- Exercise directions
With the images set aside, retype every record below character for character.
▽
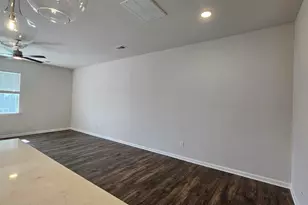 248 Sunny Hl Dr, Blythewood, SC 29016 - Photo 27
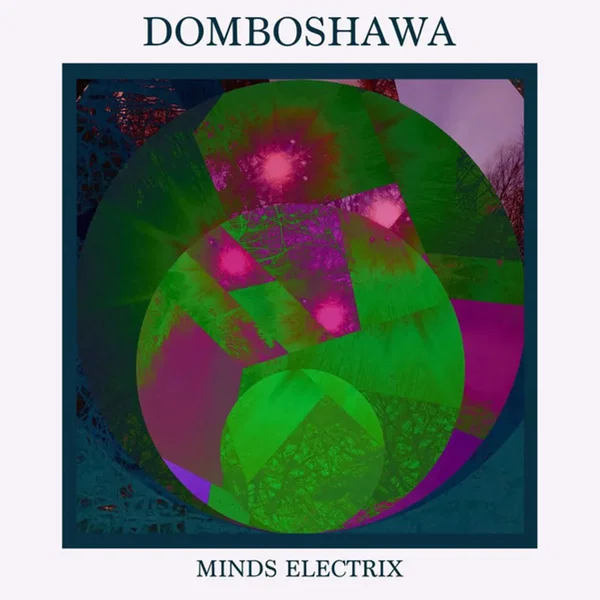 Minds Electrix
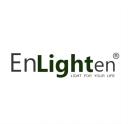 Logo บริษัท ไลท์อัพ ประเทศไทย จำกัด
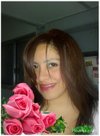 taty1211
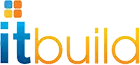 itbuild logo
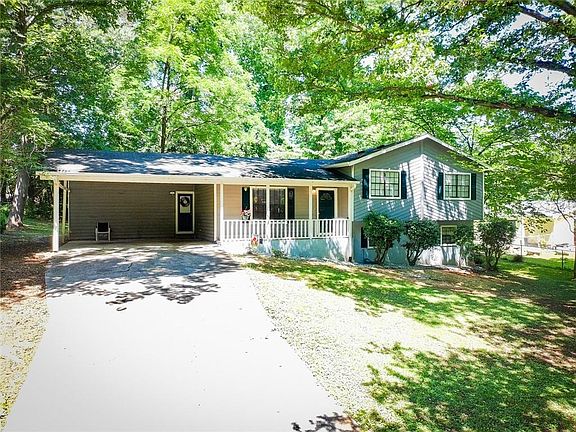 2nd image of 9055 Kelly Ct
△
- Written answer
 248 Sunny Hl Dr, Blythewood, SC 29016 - Photo 27
 Minds Electrix
 Logo บริษัท ไลท์อัพ ประเทศไทย จำกัด
 taty1211
 itbuild logo
 2nd image of 9055 Kelly Ct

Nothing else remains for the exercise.